La réponse est ici fondée sur deux piliers fondamentaux que sont, d’une part, les connaissances spécifiques des relations santé-travail, d’autre part, le secret médical.
Premier pilier : La logique est de confier ces problèmes à ceux qui les connaissent le mieux. La présence de médecins du travail en Suisse, historiquement médecins d’entreprise, s’est mise en place pour garder les collaborateurs à leur poste de travail, donc en bonne santé. Cette présence s’est ensuite renforcée pour répondre aux exigences légales1 qui se sont précisées avec la révision de la directive MSST entrée en vigueur en 20002. L’objectif concret et pragmatique est désormais «d’éviter la souffrance des personnes, la perte d’heures de travail et des dépenses» en faisant «appel aux spécialistes de la sécurité au travail (MSST)». Faut-il rappeler que le M de MSST est le M de médecin ?
Pour gérer au mieux les relations santé-travail, ce que certains confrères traduisent en «soigner le travail pour éviter qu’il ne rende les collaborateurs malades», il faut d’une part bien connaître «le travail» en parcourant l’entreprise, en visitant les postes, en se formant en toxicologie, en ergonomie, en connaissant la loi sur le travail.
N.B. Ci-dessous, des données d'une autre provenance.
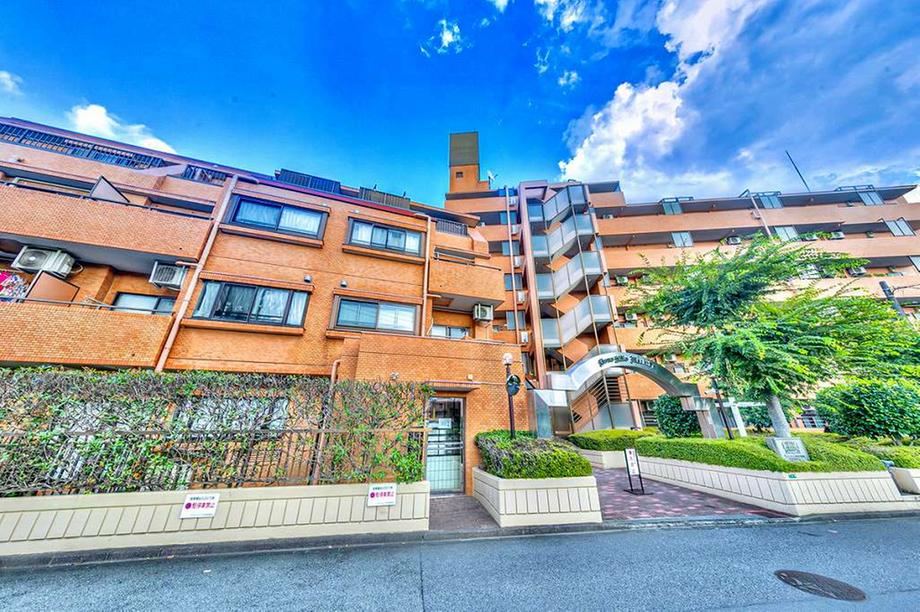 Newly Renovated 3LDK Apartment in Unomori - Photo 1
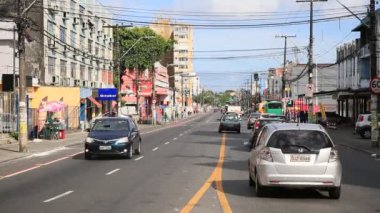 Salvador, Bahia, Brezilya - 4 Ocak 2021: Salvador 'un Calcada semtinde araç trafiği.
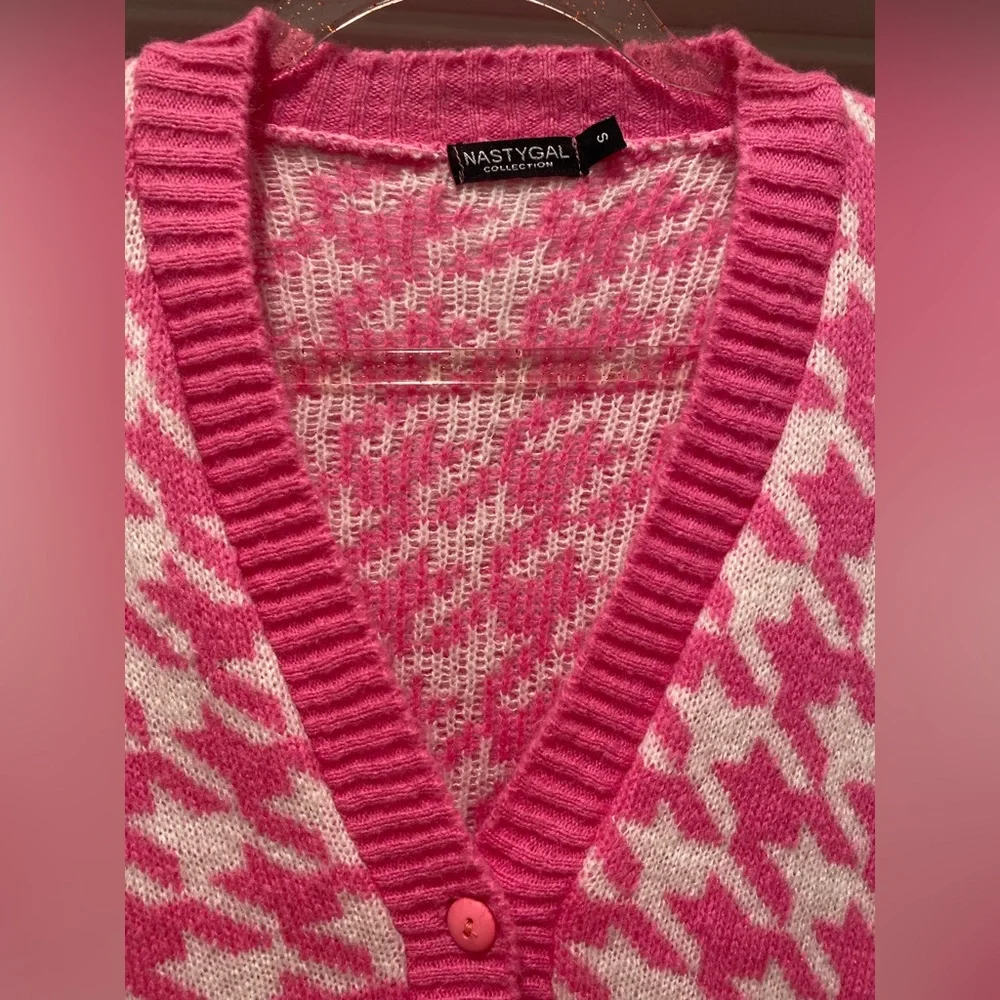 NastyGal Got Knit Right Barbiecore Pink & White Houndstooth Cropped Cardigan - S - Picture 9 of 17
D’autre part, pour projeter et prévenir des effets néfastes sur la santé, il faut connaître le corps humain, la santé mentale, et les maladies; cela s’apprend à la Faculté de médecine. Cette double connaissance définit le médecin du travail. Elle apparaît logiquement indispensable à la prise de décision des mesures de prévention, individuelle et collective, à mettre en place dans les entreprises. Elle permet le diagnostic de maladie professionnelle. Enfin et surtout, cette double formation est la plus pertinente pour conseiller le meilleur moment du retour au travail et les limitations éventuelles qui doivent l’accompagner.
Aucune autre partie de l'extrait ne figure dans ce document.